If the forces of history provided fertile circumstances for the growth of what became a widespread rebellion by Jews against the Torah, certain highly proactive individuals devoted their lives to fomenting and spreading this rebellion until it became an international phenomenon. Up until the end of the 18th century there had only been one kind of Judaism, as codified in the Shulchan Aruch. The 19th century saw the rise of “Reform” Judaism, which sanctioned violation of the laws of the Sabbath, diet, marriage, conversion and many others. A succession of other breakaways followed, all calling themselves “Jewish”, causing the authentic Judaism of the Talmud to be labeled “Orthodox” – as if it was just one more brand on the shelf of the ideological supermarket surrounded by equal competitors.
Return to the Land
The return of the exiled Israelites to their ancestral land and the rebuilding of the Holy Temple had been a central theme in all the daily and seasonal prayers. But it was only from the Middle Ages onwards that the possibility of physically returning to the Land started to become a reality for some highly determined rabbis and other saintly individuals. The numbers steadily increased, particularly after the expulsion of the Jews from Spain in 1492. The Shulchan Aruch itself had been written in the town of Safed, which by the mid 1500’s was a major center. In the mid-to-late 1700’s outstanding leaders, notably Rabbi Israel Baal Shem Tov, founder of the Chassidic movement, and Rabbi Elijah, the “Gaon” (Luminary) of Vilna, urged their followers to move to Eretz Israel.

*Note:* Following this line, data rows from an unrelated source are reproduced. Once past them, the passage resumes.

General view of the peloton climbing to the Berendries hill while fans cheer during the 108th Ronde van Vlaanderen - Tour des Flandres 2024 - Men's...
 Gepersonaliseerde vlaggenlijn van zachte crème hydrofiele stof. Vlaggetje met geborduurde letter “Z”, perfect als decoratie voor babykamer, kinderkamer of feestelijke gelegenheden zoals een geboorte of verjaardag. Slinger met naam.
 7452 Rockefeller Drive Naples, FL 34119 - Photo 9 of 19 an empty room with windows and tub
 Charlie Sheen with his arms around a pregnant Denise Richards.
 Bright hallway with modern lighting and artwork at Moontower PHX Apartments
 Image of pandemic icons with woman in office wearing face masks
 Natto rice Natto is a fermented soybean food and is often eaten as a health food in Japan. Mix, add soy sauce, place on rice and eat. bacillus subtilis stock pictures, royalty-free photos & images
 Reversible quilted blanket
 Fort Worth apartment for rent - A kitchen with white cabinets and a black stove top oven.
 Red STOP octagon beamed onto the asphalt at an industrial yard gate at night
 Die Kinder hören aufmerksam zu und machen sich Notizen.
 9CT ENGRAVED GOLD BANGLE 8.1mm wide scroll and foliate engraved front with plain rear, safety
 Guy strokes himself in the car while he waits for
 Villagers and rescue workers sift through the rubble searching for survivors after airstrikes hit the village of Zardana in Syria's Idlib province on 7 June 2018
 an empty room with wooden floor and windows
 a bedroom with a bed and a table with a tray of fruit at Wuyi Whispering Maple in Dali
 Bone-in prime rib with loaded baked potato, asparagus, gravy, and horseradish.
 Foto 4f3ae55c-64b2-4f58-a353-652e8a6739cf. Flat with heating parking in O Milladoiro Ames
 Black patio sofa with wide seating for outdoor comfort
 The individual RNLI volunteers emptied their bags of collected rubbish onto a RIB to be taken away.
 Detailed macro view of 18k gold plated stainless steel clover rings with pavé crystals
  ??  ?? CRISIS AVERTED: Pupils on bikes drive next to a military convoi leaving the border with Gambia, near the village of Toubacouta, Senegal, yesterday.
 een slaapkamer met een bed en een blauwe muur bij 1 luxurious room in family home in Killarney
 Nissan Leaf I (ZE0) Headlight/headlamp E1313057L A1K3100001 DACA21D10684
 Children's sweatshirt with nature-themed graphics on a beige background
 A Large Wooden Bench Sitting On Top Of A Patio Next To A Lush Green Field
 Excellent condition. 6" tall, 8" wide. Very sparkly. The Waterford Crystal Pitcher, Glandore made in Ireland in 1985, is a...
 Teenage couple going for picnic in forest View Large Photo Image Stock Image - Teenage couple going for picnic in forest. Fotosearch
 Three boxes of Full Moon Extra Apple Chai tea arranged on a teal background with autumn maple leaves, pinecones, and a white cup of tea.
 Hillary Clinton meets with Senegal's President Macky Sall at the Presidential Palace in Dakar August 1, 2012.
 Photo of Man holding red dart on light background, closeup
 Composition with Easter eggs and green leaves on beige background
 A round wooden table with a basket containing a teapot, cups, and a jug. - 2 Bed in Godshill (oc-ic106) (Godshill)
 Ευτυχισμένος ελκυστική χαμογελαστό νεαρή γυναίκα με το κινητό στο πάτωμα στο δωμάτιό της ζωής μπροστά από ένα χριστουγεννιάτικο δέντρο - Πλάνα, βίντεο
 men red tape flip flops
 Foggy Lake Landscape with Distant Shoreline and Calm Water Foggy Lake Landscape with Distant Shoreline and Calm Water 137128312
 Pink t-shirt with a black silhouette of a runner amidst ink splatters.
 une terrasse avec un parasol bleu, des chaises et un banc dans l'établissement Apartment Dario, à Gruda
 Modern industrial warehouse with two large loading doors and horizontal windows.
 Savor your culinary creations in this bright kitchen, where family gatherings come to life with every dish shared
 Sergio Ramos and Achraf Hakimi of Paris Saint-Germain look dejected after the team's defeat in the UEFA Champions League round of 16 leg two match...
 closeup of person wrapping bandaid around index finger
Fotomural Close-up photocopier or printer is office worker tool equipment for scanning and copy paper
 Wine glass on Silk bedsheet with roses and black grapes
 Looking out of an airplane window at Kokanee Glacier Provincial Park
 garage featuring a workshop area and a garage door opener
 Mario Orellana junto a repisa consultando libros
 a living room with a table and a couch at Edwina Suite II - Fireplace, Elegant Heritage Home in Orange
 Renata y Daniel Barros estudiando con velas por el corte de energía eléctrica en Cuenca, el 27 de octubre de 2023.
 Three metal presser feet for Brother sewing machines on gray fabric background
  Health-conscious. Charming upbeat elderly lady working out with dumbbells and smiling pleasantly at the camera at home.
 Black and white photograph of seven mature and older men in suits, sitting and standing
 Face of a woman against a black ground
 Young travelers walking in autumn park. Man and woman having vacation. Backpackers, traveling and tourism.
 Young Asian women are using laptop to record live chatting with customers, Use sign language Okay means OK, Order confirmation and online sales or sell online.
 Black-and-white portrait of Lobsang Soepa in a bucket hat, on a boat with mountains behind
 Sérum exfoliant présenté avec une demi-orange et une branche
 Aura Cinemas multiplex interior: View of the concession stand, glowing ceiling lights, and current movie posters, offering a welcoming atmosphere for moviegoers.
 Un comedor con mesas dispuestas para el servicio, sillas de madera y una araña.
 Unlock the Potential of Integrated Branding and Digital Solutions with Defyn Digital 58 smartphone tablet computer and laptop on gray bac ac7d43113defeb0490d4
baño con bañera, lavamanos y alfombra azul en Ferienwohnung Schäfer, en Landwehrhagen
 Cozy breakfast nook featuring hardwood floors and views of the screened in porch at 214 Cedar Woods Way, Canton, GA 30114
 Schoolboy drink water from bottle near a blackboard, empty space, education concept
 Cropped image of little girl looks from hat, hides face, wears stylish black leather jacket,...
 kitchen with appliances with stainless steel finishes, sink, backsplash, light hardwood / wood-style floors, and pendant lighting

For all of these returnees to the Land, the purpose was to rectify the sins of the past and create a new future through practicing the Torah in the fullest way possible with complete adherence to its law and spirit.
By the 1800’s, however, even those European Jews who had fled their ancestral religion were discovering that it was by no means so easy to escape the stigma of Jewish descent and the anti-Semitism it evoked among the non-Jews with whom they wanted to assimilate. The anti-Semitism experienced by Theodore Hertzl prompted him to devise a new solution to the problem: a Jewish State in the ancestral land of Israel.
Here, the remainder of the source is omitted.